RECURSO EXTRAORDINÁRIO. CONSTITUCIONAL. TRIBUTÁRIO. REMUNERAÇÃO DE MAGISTRADOS. IMPOSTO DE RENDA SOBRE A VERBA DE REPRESENTAÇÃO. ISENÇÃO. SUPERVENIÊNCIA DA PROMULGAÇÃO DA CONSTITUIÇÃO FEDERAL DE 1988. ISONOMIA TRIBUTÁRIA. INSUBSISTÊNCIA DO BENEFÍCIO. 1. O artigo 150, inciso II, da Constituição Federal, consagrou o princípio da isonomia tributária, que impede a diferença de tratamento entre contribuintes em situação equivalente, vedando qualquer distinção em razão do trabalho, cargo ou função exercidos.

2. Remuneração de magistrados. Isenção do imposto de renda incidente sobre a verba de representação, autorizada pelo Decreto-lei 2.019/83. Superveniência da Carta Federal de 1988 e aplicação incontinenti dos seus artigos 95, III, 150, II, em face do que dispõe o § 1º do artigo 34 do ADCT-CF/88. Conseqüência: Revogação tácita, com efeitos imediatos, da benesse tributária.

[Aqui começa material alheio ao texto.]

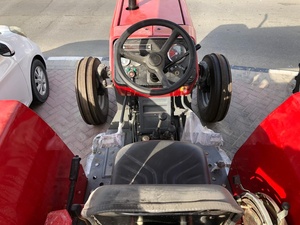 รถแทรกเตอร์การเกษตร Massey Ferguson 185 กำลัง 70 แรงม้า ขับเคลื่อน 4 ล้อ พร้อมชุดเกียร์ดิจิตอล มอเตอร์ เกียร์ แบริ่ง และปั๊ม สำหรับใช้งานในฟาร์ม - Product Image 5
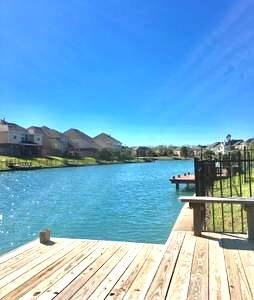 Building Photo - 3947 Amalfi Shores Ct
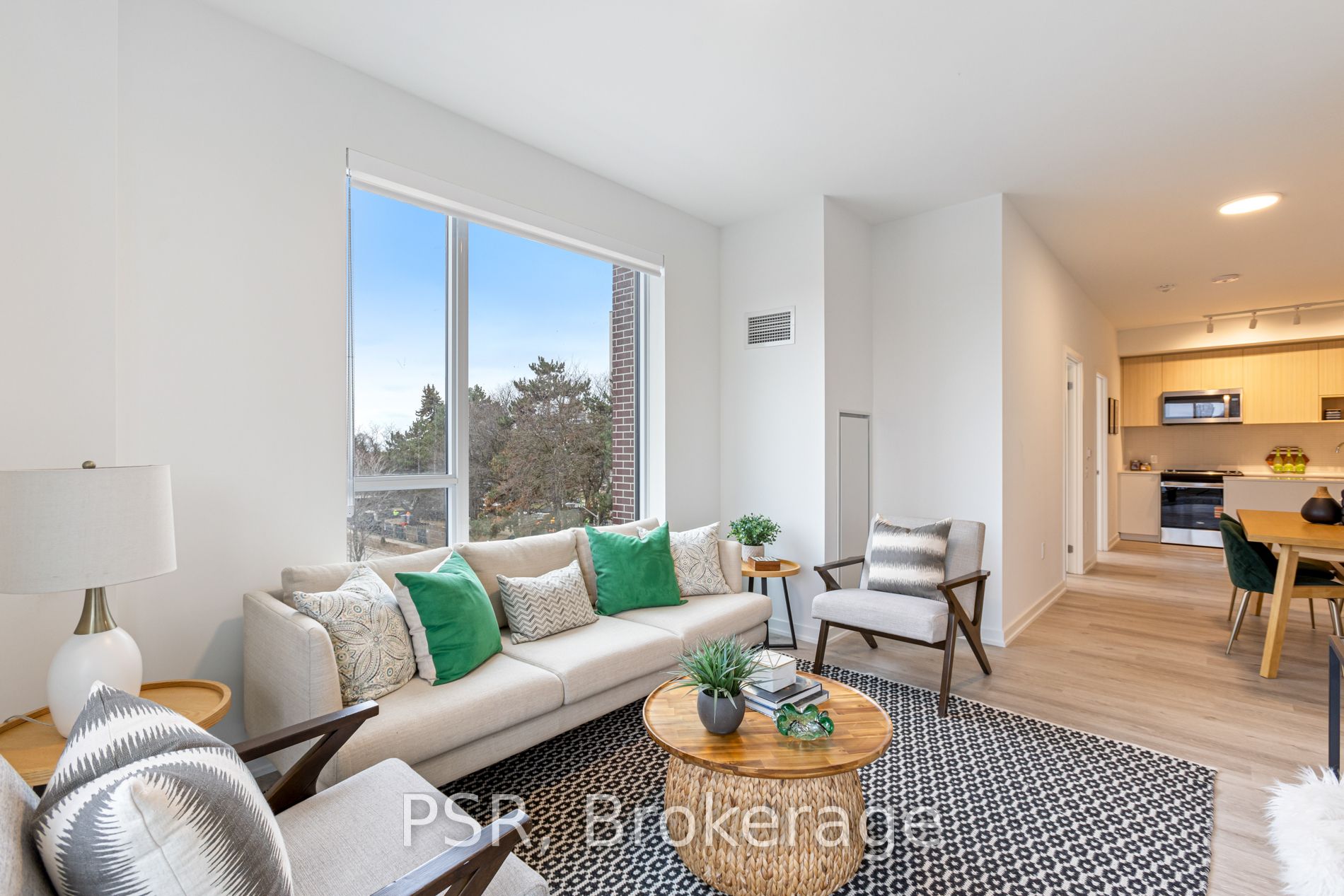 4365 Bloor Street W 525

Recurso extraordinário não conhecido. (RE 236881, Relator: Min. MAURÍCIO CORRÊA, Segunda Turma, julgado em 05/02/2002, DJ 26-04-2002 PP-00090 EMENT VOL-02066-02 PP-00432)

No entanto, em Fortaleza, capital do Ceará, a coisa é diferente.

É que o servidor público do referido município tem direito à isenção do Imposto sobre a Propriedade Predial e Territorial Urbana (IPTU), bem como do Imposto sobre Transmissão de Bens Imóveis (ITBI).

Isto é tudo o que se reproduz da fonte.